▸ **Instructions to follow**:
Return exactly, with nothing added, the lines from the one that contains "Robe courte décolleté" through the end of the listing below, pictures excluded.

▸ **Data shown**:
____________
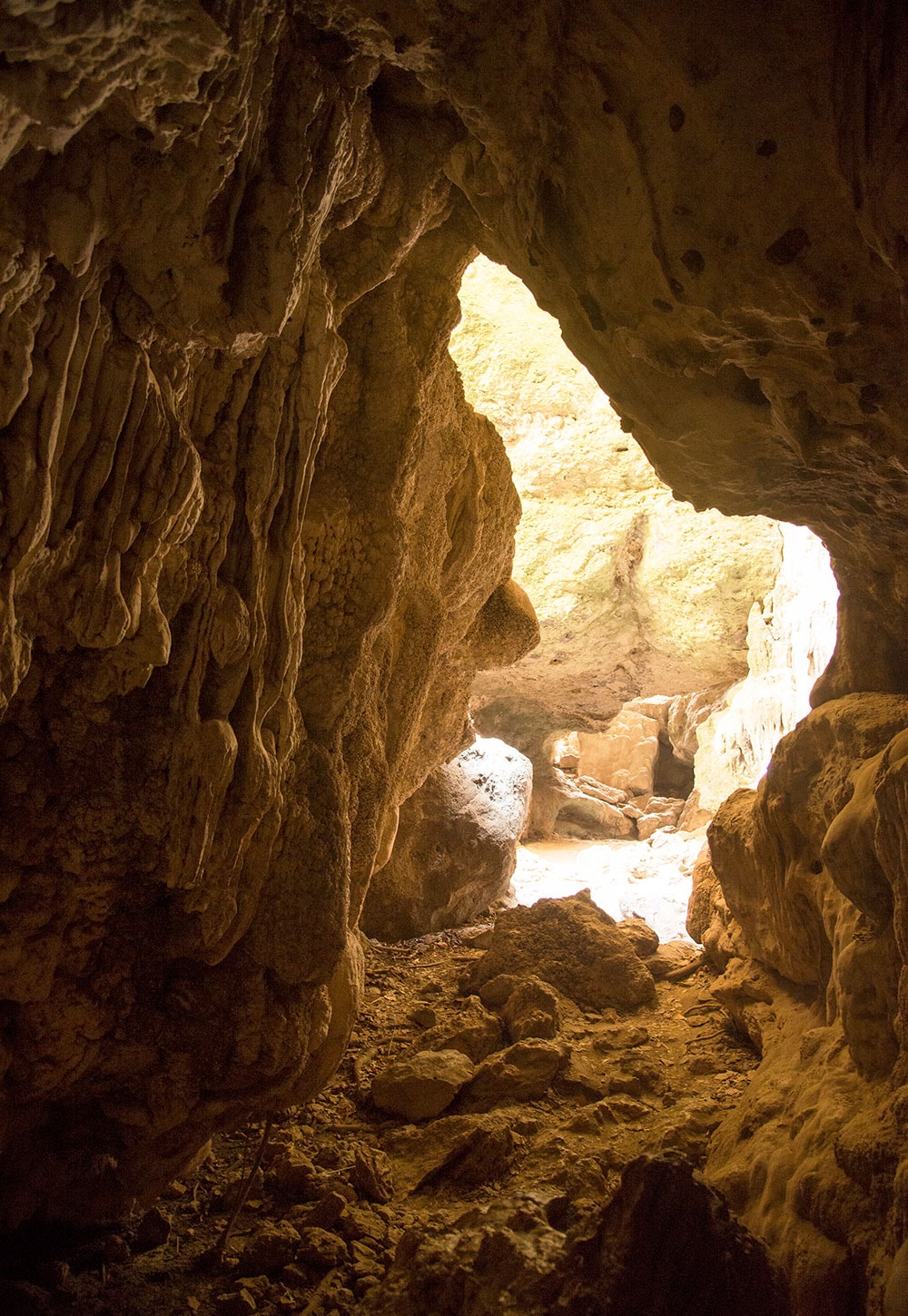 リゾートから車で約10分のところにある鏡の洞窟“バトゥチュルミン”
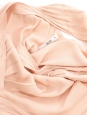 Robe courte décolleté drapée et cintrée en crêpe rose poudre Prix boutique 1600€ Taille 38/40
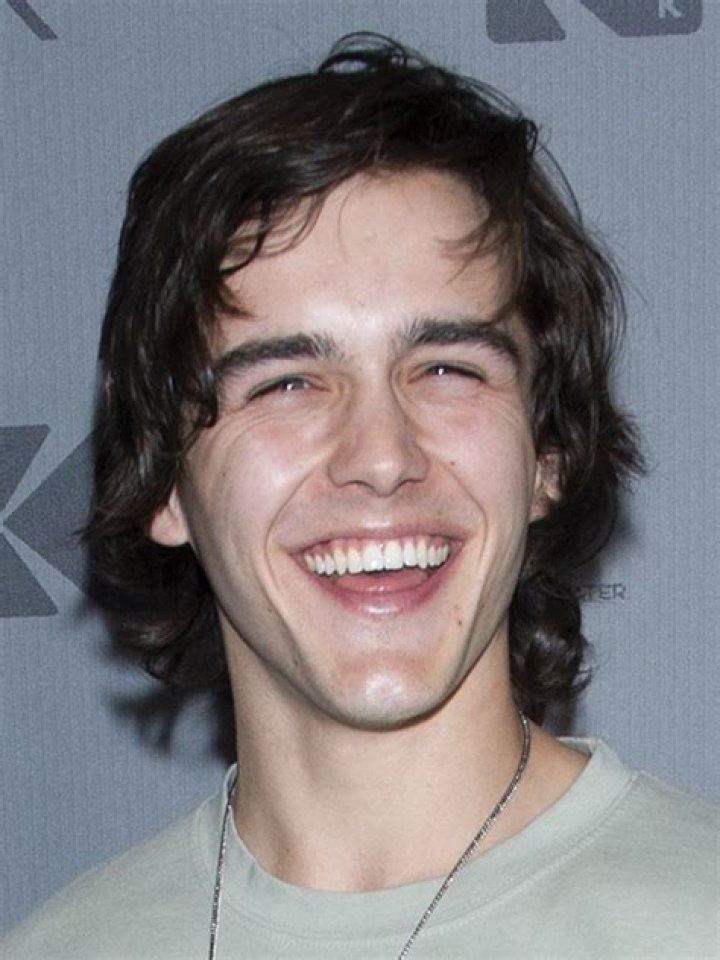 Charlie Gillespie (TV Actor) - Age, Birthday, Bio, Facts, Family, Net Worth, Height & More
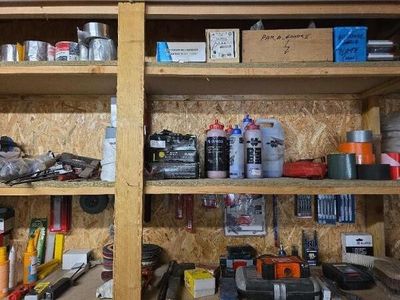 une étagère remplie d'outils et d'autres objets dans un garage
____________
▸ **Response to this task**:
 Robe courte décolleté drapée et cintrée en crêpe rose poudre Prix boutique 1600€ Taille 38/40
 Charlie Gillespie (TV Actor) - Age, Birthday, Bio, Facts, Family, Net Worth, Height & More
 une étagère remplie d'outils et d'autres objets dans un garage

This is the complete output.